In 2018, as I embarked on my journey to develop machine vision models, I found myself working with a unique dataset – segmented images of kangaroos. My goal was to create a model capable of detecting and subsequently counting the number of kangaroos in a given region. The images I used were snapshots of the Australian outback, captured while I was precariously hanging out of a helicopter.
After spending several days separating the kangaroos from the background in these images, I was ready to test a variety of new Deep Neural Network (DNN) architectures. My aim was to identify the most effective model for my specific needs. I set my TensorFlow pipeline in motion to train six different base models from scratch, along with a few variations of each.
However, during the validation cycle, I made a significant error. Instead of using the set of images that had been set aside for validation, I inadvertently used a directory filled with photos of the interiors of fridges from the CNTK dataset1. This mistake turned out to be a pivotal learning moment in understanding how DNNs operate when inferring images outside of their training domain.
As a human, I can look at an image and immediately understand that it’s highly unlikely to find kangaroos in my fridge. However, the model lacked this contextual understanding and produced a result indicating a low “confidence” of kangaroo presence in the fridge. This incident sparked the development of several concepts that I later incorporated into our Machine Learning and DNN training systems.
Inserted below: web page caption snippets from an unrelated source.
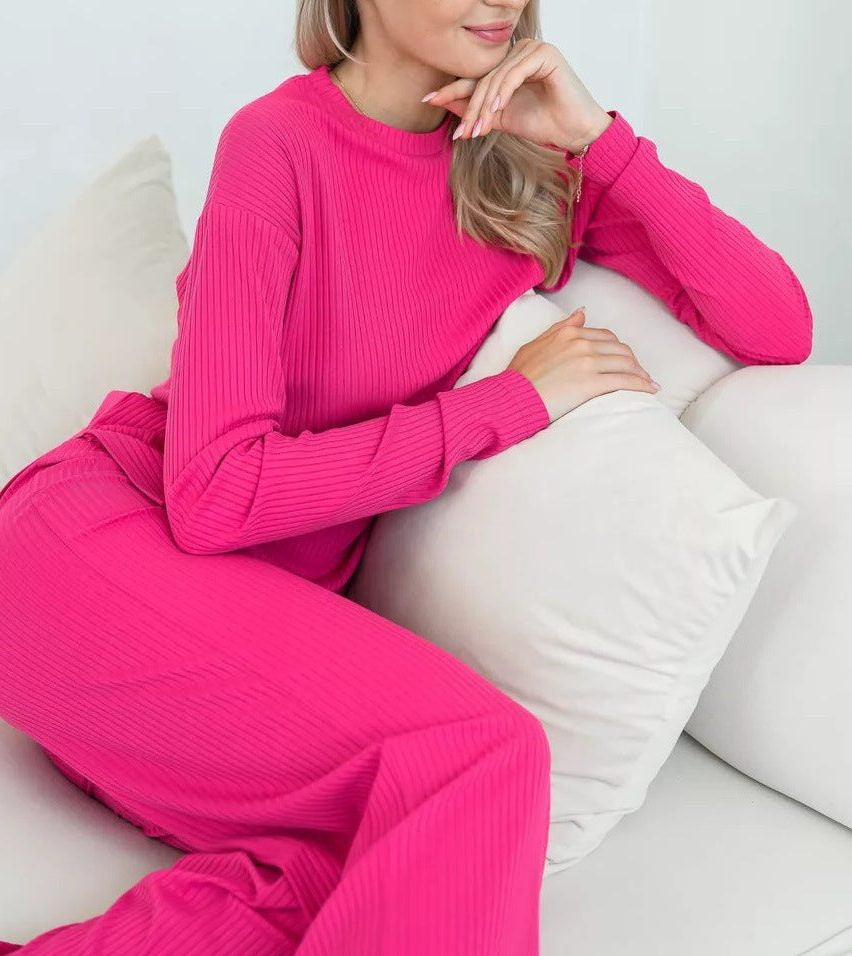 Ribbed Knit Co-ord Set with Long Sleeves and Wide Pants - Fuchsia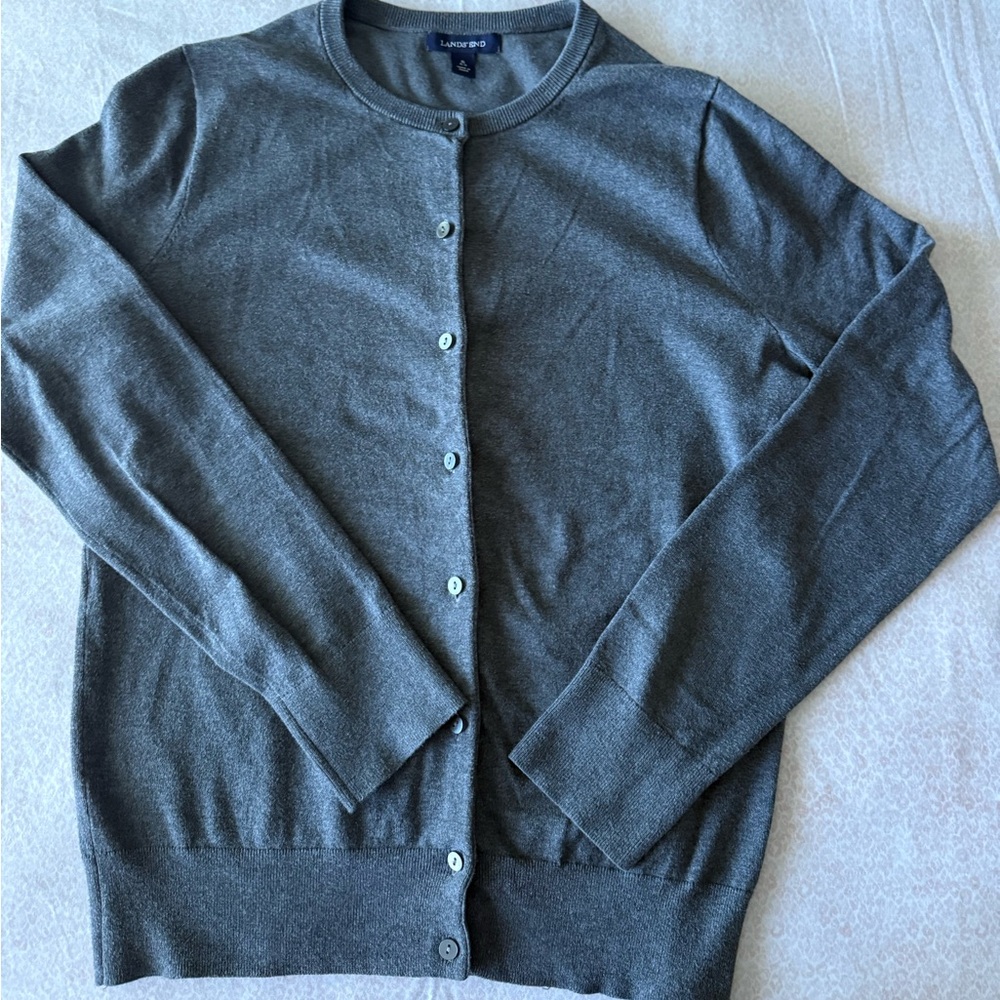 Lands' End Charcoal Knit Top
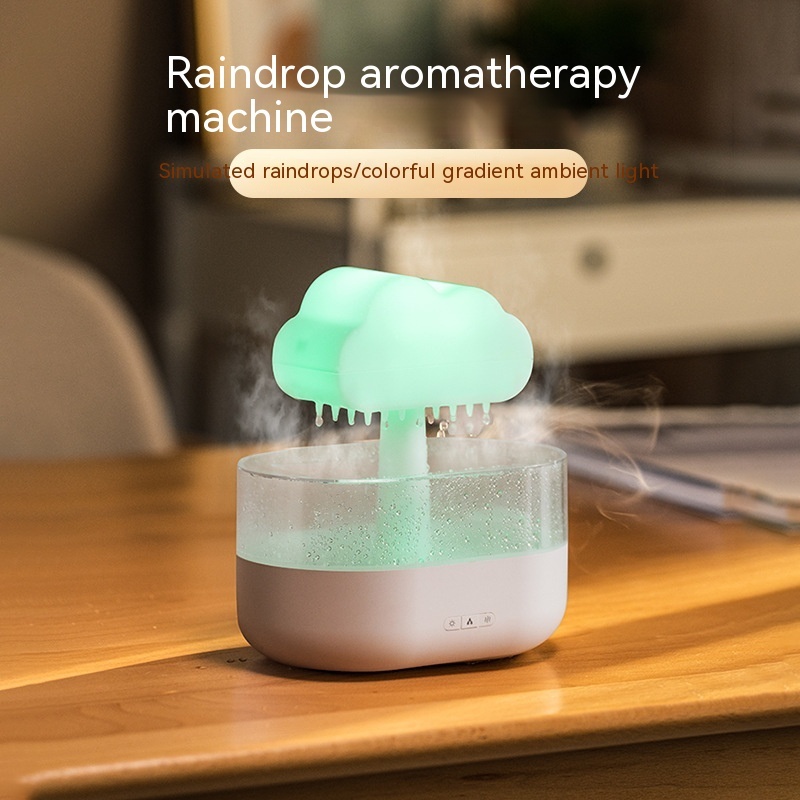 Rain Cloud Night Light Humidifier With Raining Water Drop Sound And 7 Color Led Light Essential Oil Diffuser Aromatherapy - Image 7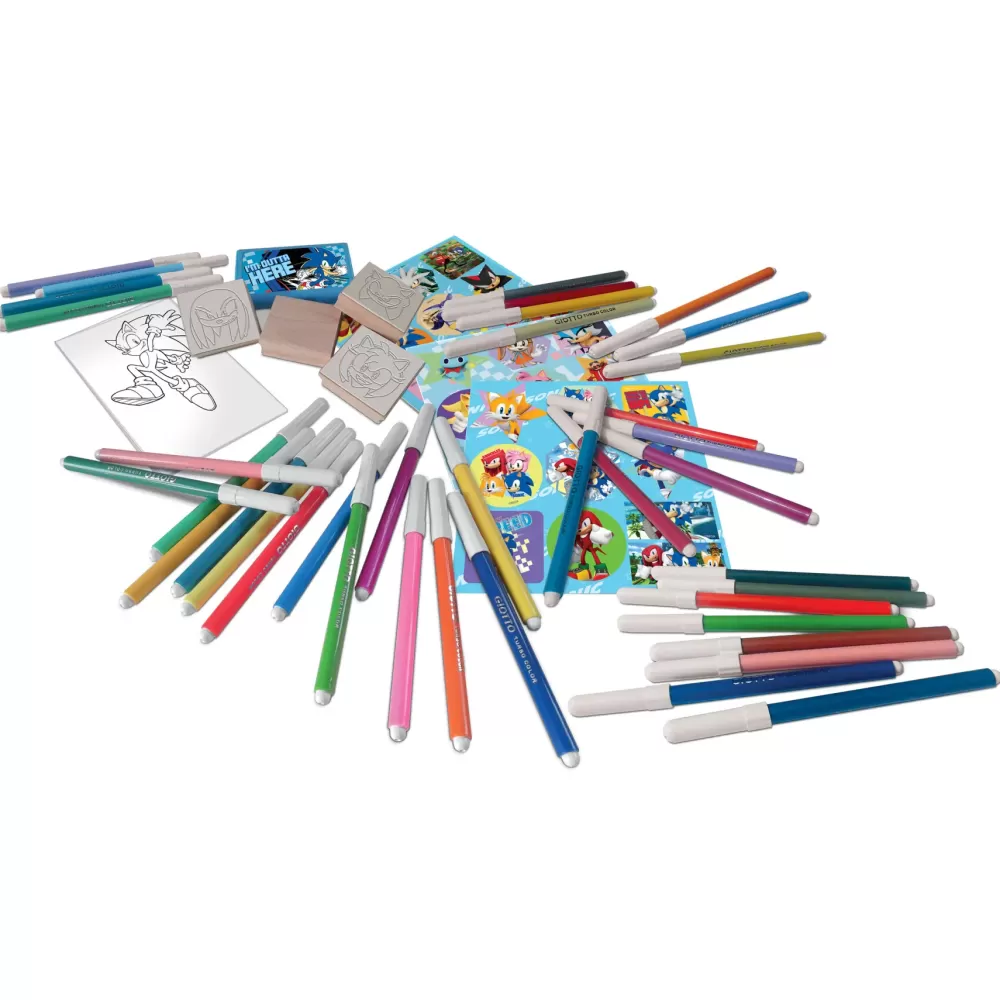 New Multiprint Set 4 Timbri Per Bambini E 60 Pennarelli Colorati Kit Artistici E Pittura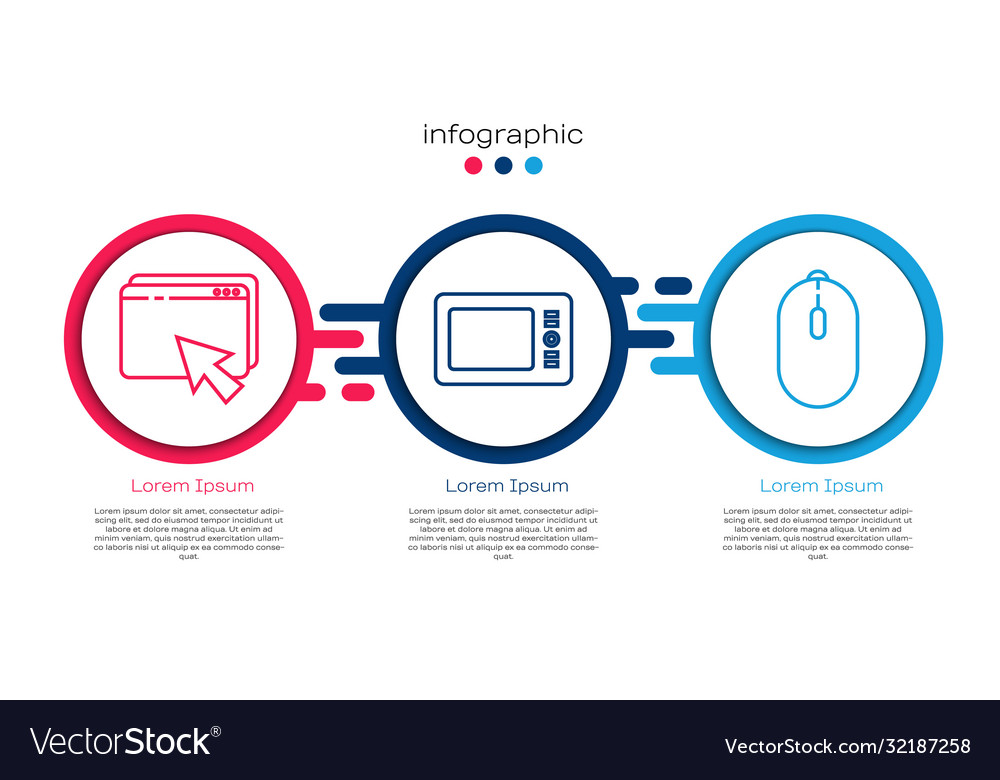 Set line web design and development graphic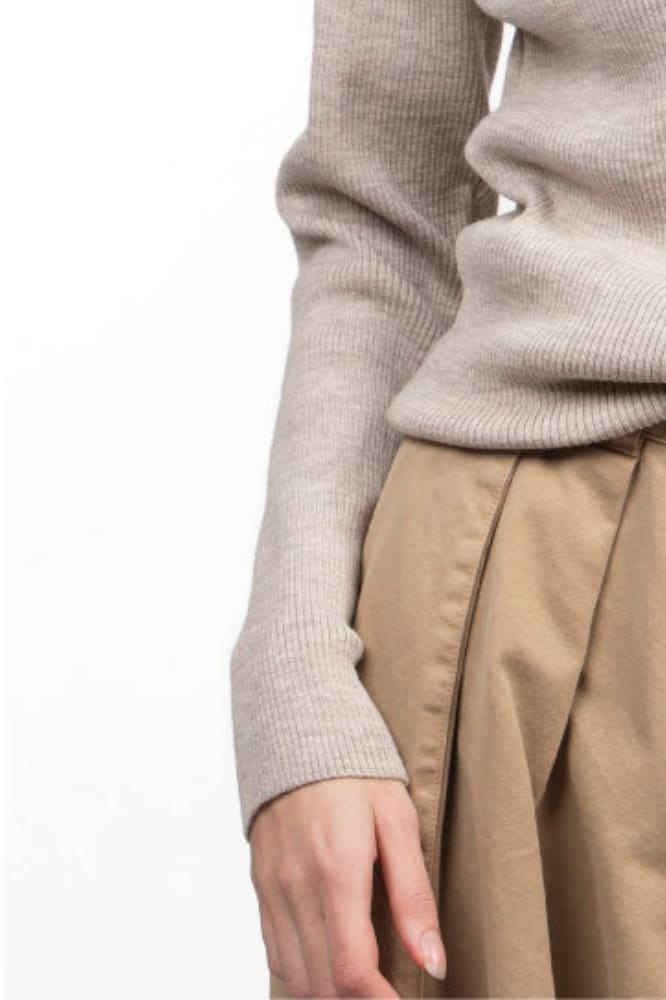 Roosenstein Wolke Robin Merino Rip Half Zip Sand - La Vie en Rose Damesmode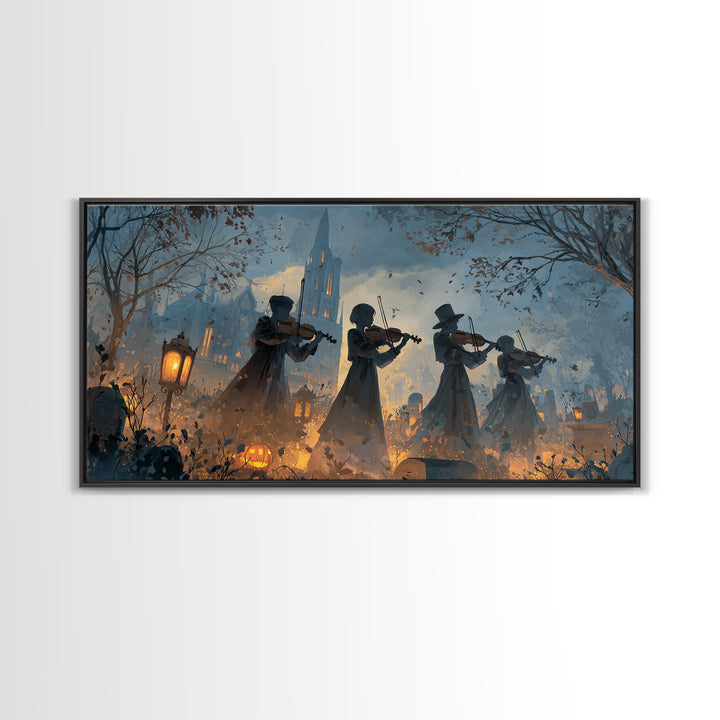 The Ghostly Violin Procession - Procession Scene, Occult Wall Decor, Wide Panoramic Art, Canvas Print, Halloween Home Decor, Gothic Wall Art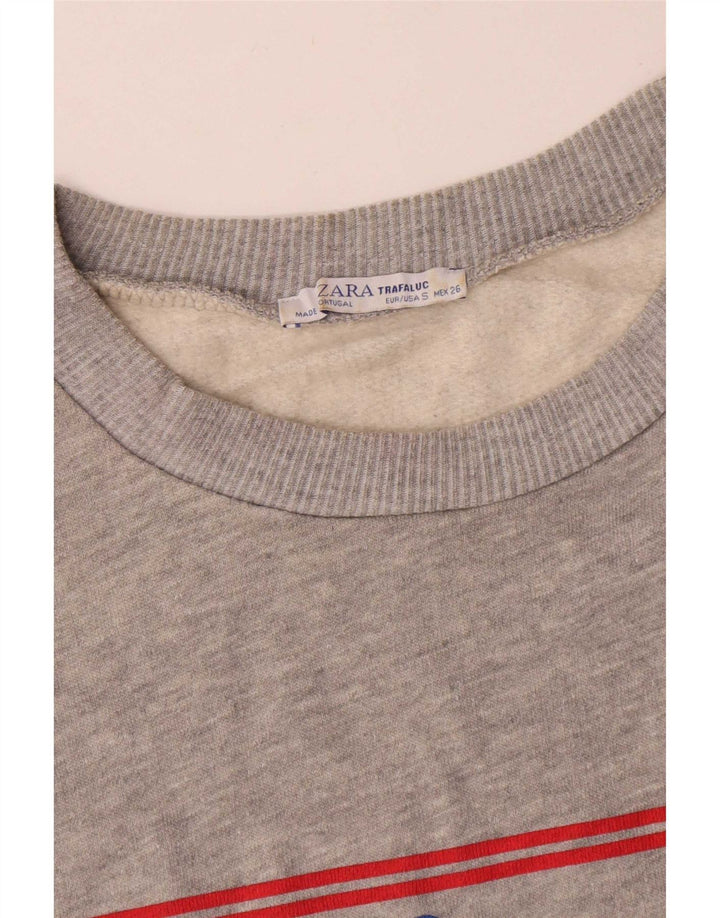 Zara Womens Graphic Oversized Sweatshirt Pullover UK 10 Small Grau meliert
These concepts included:
- Torture Dataset: A collection of unusual images that were either adjacent to or outside the domain.
- Custom Metrics: Measures to evaluate the model’s performance on out-of-domain images.
- Domain-specific Language and Jargon: Terminology that facilitated communication about what was considered “in domain” and “out of domain”.
- Model Output “Escapes”: Essentially, the “I don’t know” option for the model.
- Data Provenance or Lineage: Understanding the origin of data and how it related to training and evaluation loops.
This experience continues to serve as a reminder that even in the realm of machine learning, the algorithm is missing key context, and not as “smart” as it would seem.